Tahun 2010 dan tahun 2011 kondisi dan situasinya sangat berbeda denga tahun 2003 ketika inisiatif untuk menyusun UU tentang Pemberantasan Ilegal Logging muncul pertama kali. Saat ini di dalam negeri kecenderungan kegiatan pembalakan liar ini menurun secara signifikan dan diperkirakan akan semakin menurun dengan semakin tingginya permintaan dari pasar internasional agar kayu dan kayu olahan yang diperdagangkan harus berasal dari tebangan yang legal dan bukan hasil pembalakan liar. Indonesia dengan Uni Eropa menginisiasi skim Voluntary Partnership Agreement (VPA) yang salah satu komponen utamanya adalah lacak balak atau Sistem Verifikasi Legalitas Kayu (SVLK) yang saat ini SVLK tersebut telah disetujui oleh Uni Eropa, AS, Jepang dan China sebagai buyer kayu Indonesia. Negara Paman Sam juga telah mengeluarkan Lacey Act yang intinya adalah memastikan kayu yang diperjualbelikan di AS adalah bukan kayu hasil pencurian. Artinya pasar kayu curian menjadi semakin sempit dan kecenderungan pasar yang lebih mementingkan kegiatan ramah lingkungan semakin besar dan semakin meluas, oleh karena itu bisa dipastikan bahwa pencurian kayu akan semakin menurun di masa mendatang ini. Pertanyaannya adalah masih perlukah Undang-Undang tentang Ilegal logging ini?

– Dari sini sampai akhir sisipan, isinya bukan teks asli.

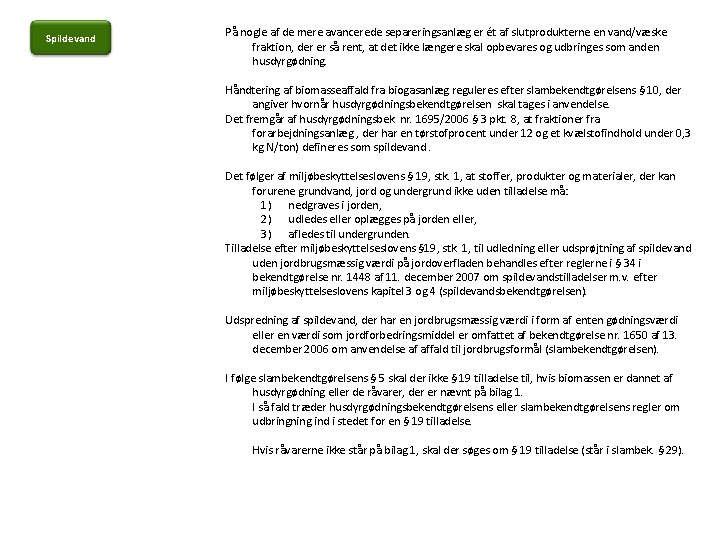 Spildevand På nogle af de mere avancerede separeringsanlæg er ét af slutprodukterne en vand/væske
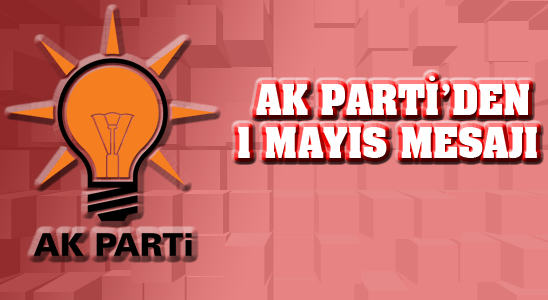 Ak Parti’den 1 Mayıs Mesajı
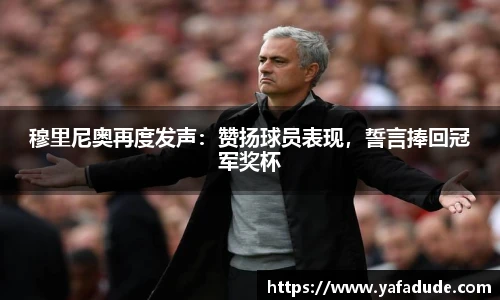 穆里尼奥再度发声：赞扬球员表现，誓言捧回冠军奖杯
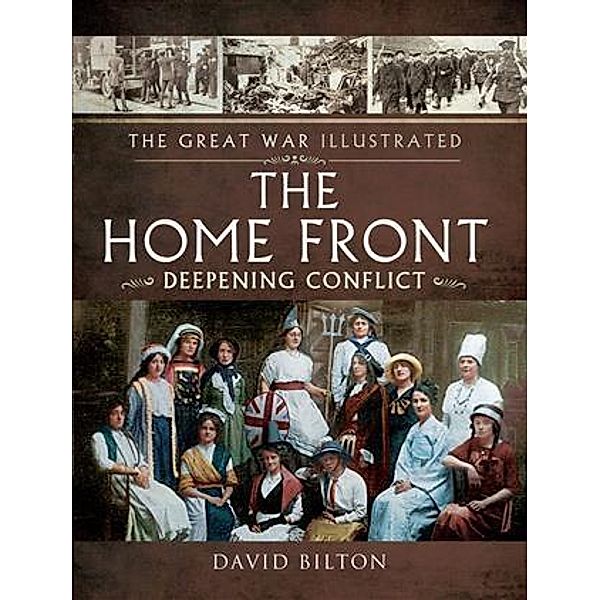 Great War Illustrated - The Home Front, David Bilton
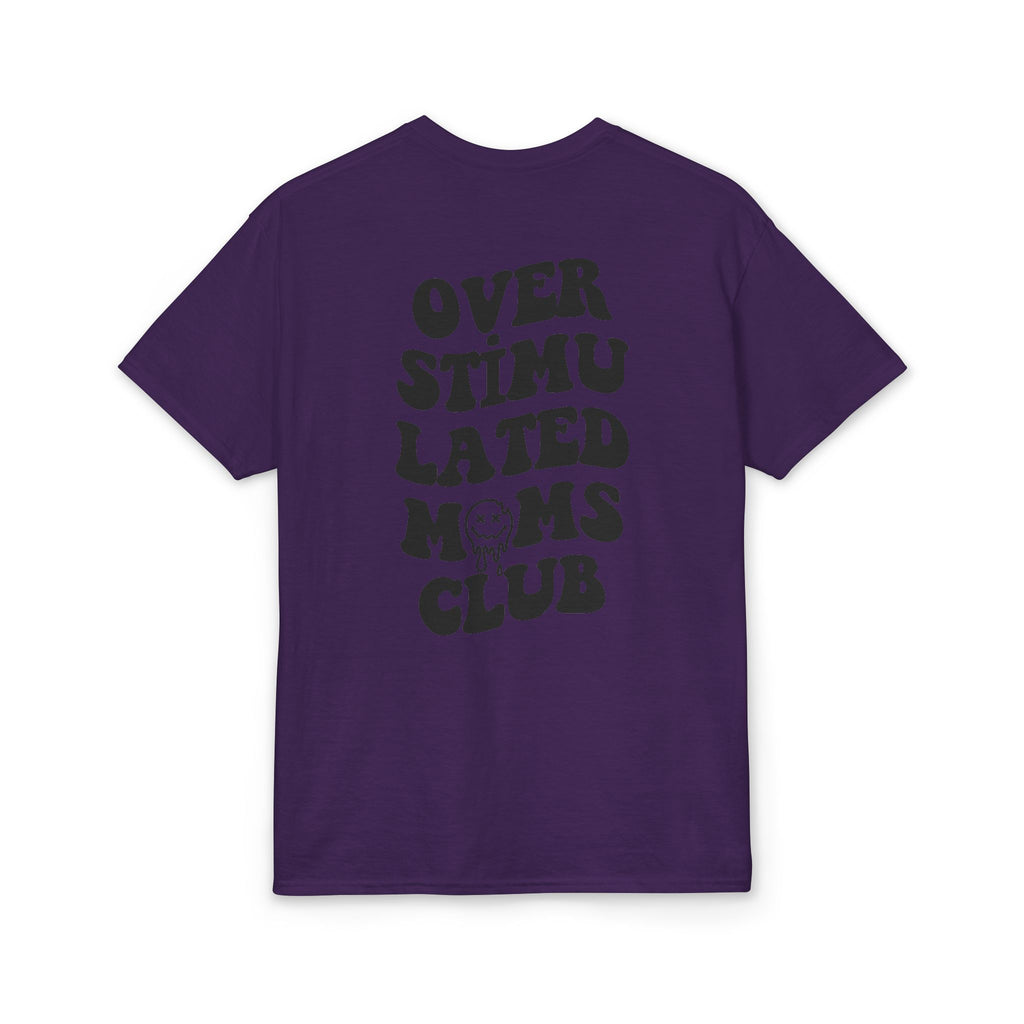 Smiley Overstimulated Moms Club Gildan unisex T-Shirt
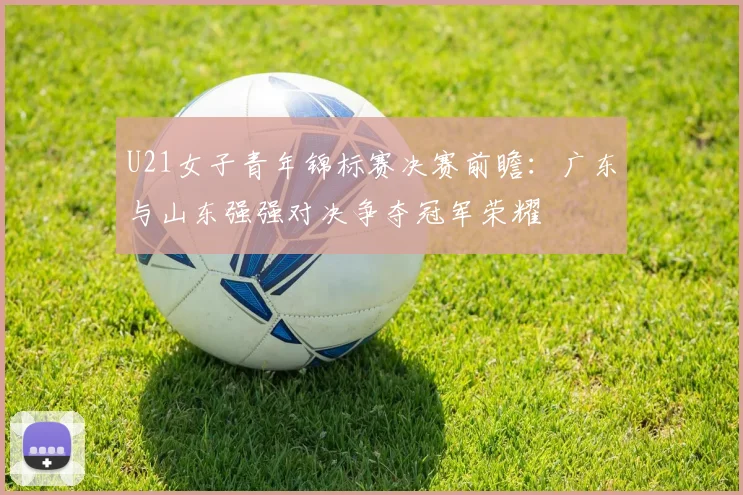 U21女子青年锦标赛决赛前瞻：广东与山东强强对决争夺冠军荣耀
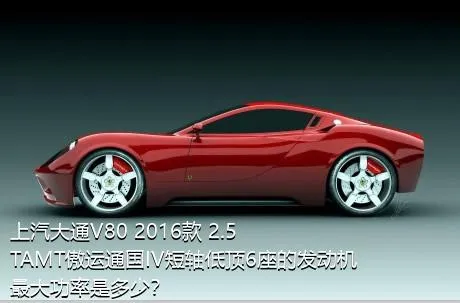 上汽大通V80 2016款 2.5TAMT傲运通国IV短轴低顶6座的发动机最大功率是多少？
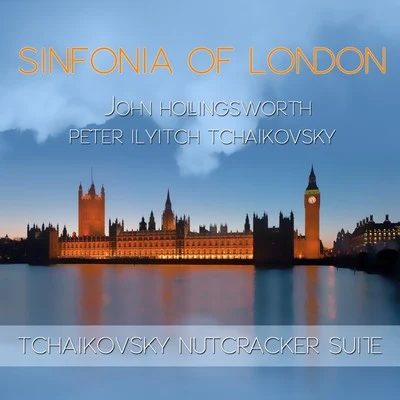 Tchaikovsky: Nutcracker Suite 专辑 Sinfonia Of London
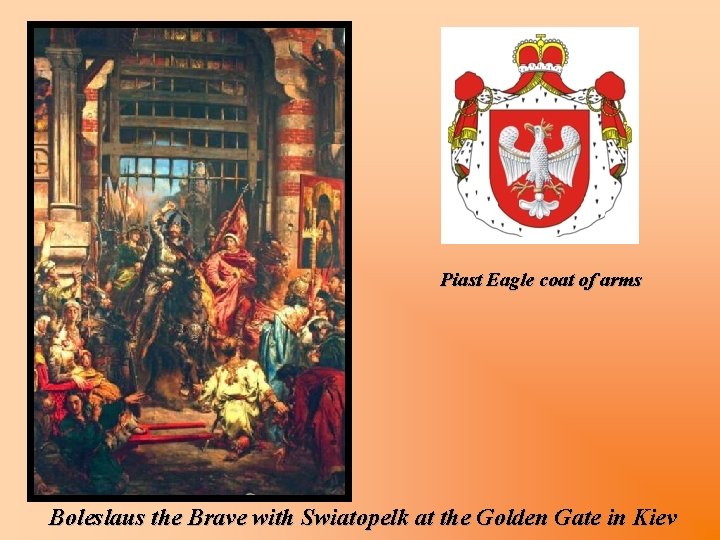 Piast Eagle coat of arms Boleslaus the Brave with Swiatopelk at the Golden Gate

Kalau substansinya terbatas pada pembalakan liar, maka RUU ini menjadi baju yang terlalu besar. Oleh karena itu, bila memang masih diinginkan untuk diteruskan, maka cakupannya harus diperluas dengan meliputi tindak pidana kehutanan lainnya yang saat ini cukup besar dan trendnya juga cenderung meningkat, yaitu masalah perambahan dan penggunaan kawasan hutan secara tidak syah. Namun demikian beberapa substansi yang sangat perlu untuk dipertimbangkan adalah:
1. Tujuan dari RUU ini yang merupakan dukungan terhadap UU Nomor 41 Tahun 1999 tentang Kehutanan adalah memastikan bahwa Pengelolaan Hutan Lestari (PHL) atau Sustainable Forest Management (SFM) dapat diimplementasikan di lapangan. Oleh karena itu yang harus menjadi fokus pengaturan adalah: a). Fokusnya harus pada kegiatan yang tidak syah atau ilegal,dan bukan pada kegiatan yang memiliki ijin dari pemerintah dalam hal ini Kementerian Kehutanan.; b). Perlunya memperkuat kelembagaan pengelolaan hutan pada tingkat tapak yaitu Kesatuan Pengelolaan Hutan (KPH).

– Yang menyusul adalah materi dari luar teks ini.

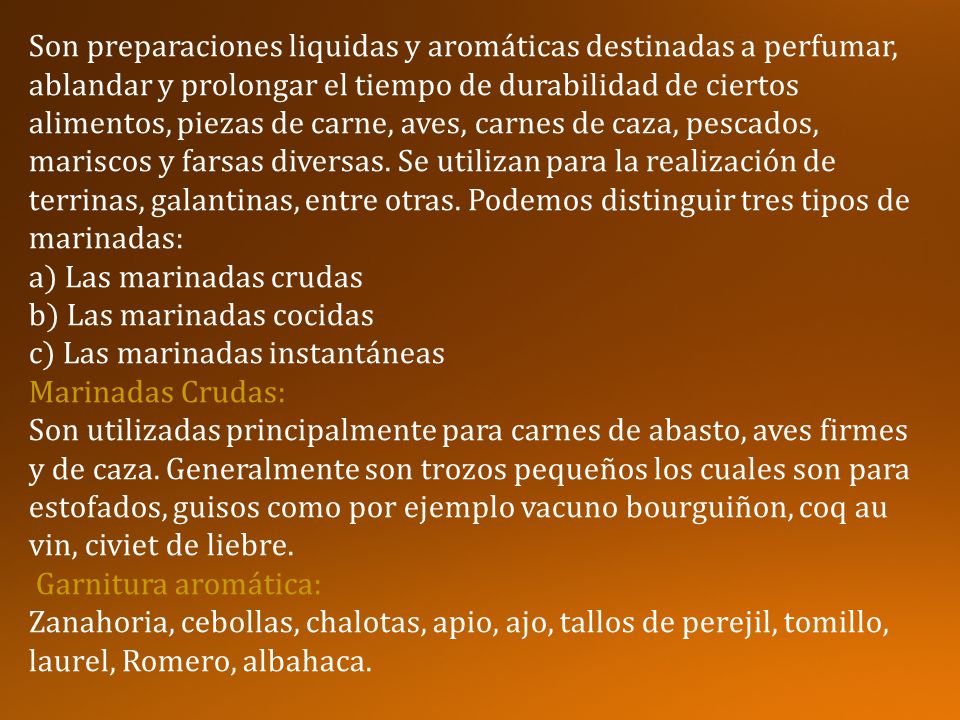 Son preparaciones liquidas y aromáticas destinadas a perfumar, ablandar y prolongar el tiempo de durabilidad de ciertos alimentos, piezas de carne, aves, carnes de caza, pescados, mariscos y farsas diversas. Se utilizan para la realización de terrinas, galantinas, entre otras. Podemos distinguir tres tipos de marinadas:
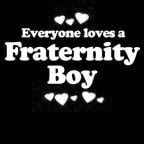 Everyone Loves an Fraternity Boy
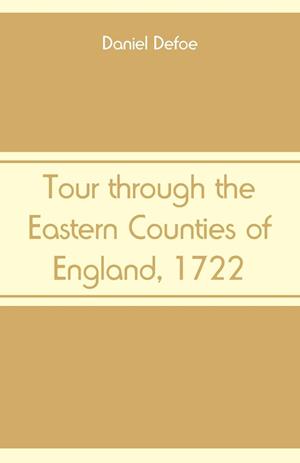 Tour through the Eastern Counties of England, 1722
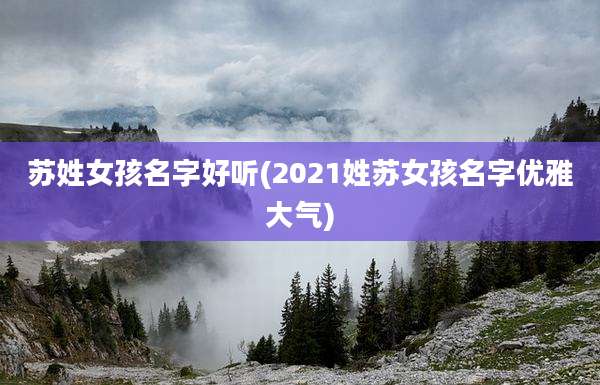 苏姓女孩名字好听(2021姓苏女孩名字优雅大气)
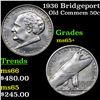 Image 1 : 1936 Bridgeport Old Commem Half Dollar 50c Grades GEM+ Unc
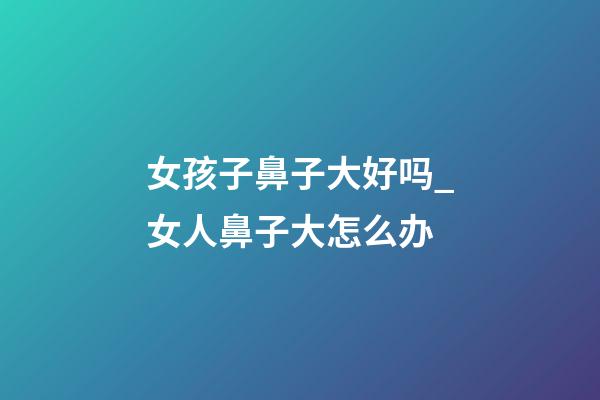 女孩子鼻子大好吗_女人鼻子大怎么办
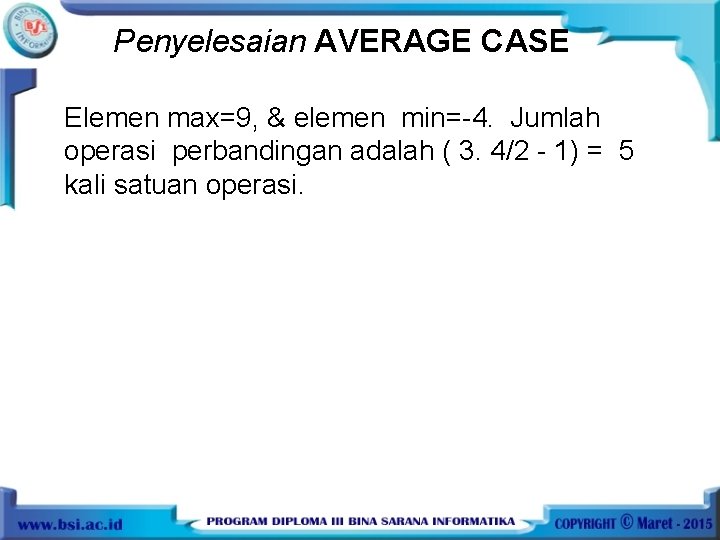 Penyelesaian AVERAGE CASE Elemen max=9, & elemen min=-4. Jumlah operasi perbandingan adalah ( 3.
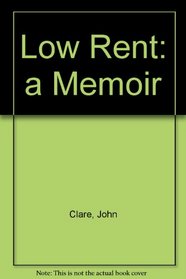 Low Rent: a Memoir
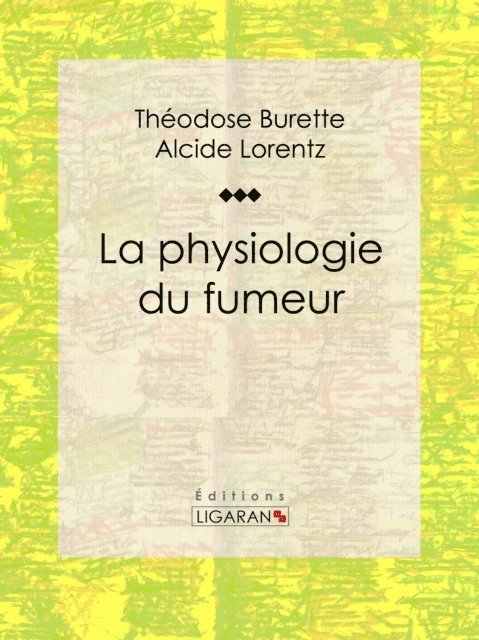 Ligaran, Theodose Burette - La Physiologie du fumeur, E-bok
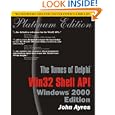 Tomes of Delphi: WIn32 Shell API Windows 2000 Edition by John Ayres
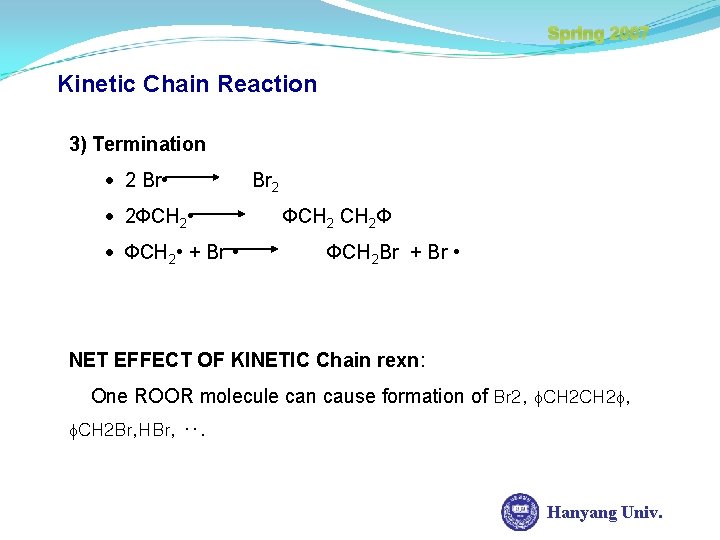 Spring 2007 Kinetic Chain Reaction 3) Termination 2 Br • 2 ФCH 2 •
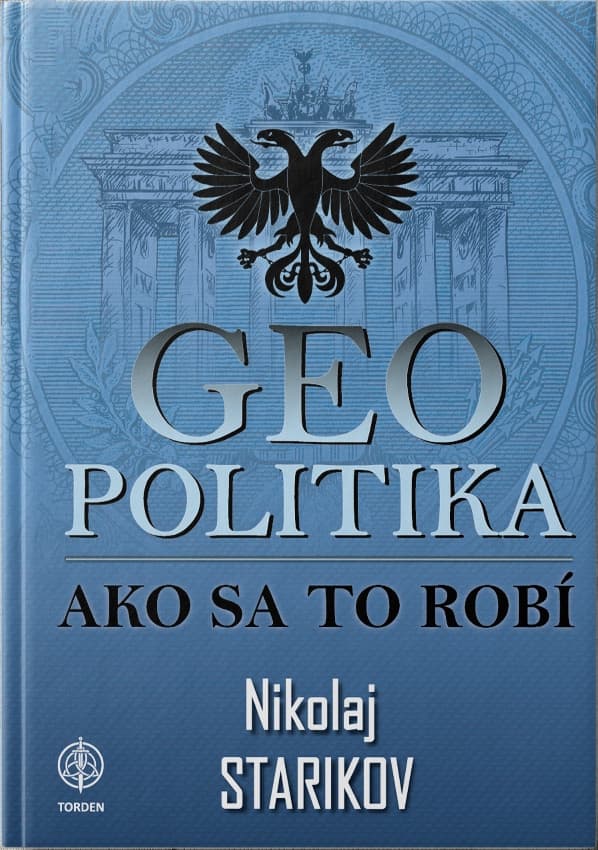 GEOPOLITIKA. Ako sa to robí? 1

2. Apabila diperlukan suatu badan khusus untuk menangani masalah ilegal logging dan perambahan kawasan hutan, maka badan tersebut harus tetap dalam struktur kementerian Kehutanan dan sesuai dengan tupoksi kementerian. Oleh karena itu memperkuat atau membangun Direktorat Jenderal Perlindungaan Hutan adalah opsi yang justifiable. Dalam kaitan ini PPNS Kehutanan harus menjadi badan yang independen yang bisa mengurus semua masalah tindak pidana kehutanan. Pengalaman yang lalu menunjukkan bahwa walaupun koordinasi dalam penindakan ilegal logging juga memiliki keunggulan, akan tetapi juga memiliki kelemahan. Seringkali operasi yang seharusnya bersifat rahasia menjadi bocor dan tidak mencapai sasaran ketika koordinasi menjadi prasyarat bagi setiap kegiatan pemberantasan dan pencegahan tindak pidana kehutanan.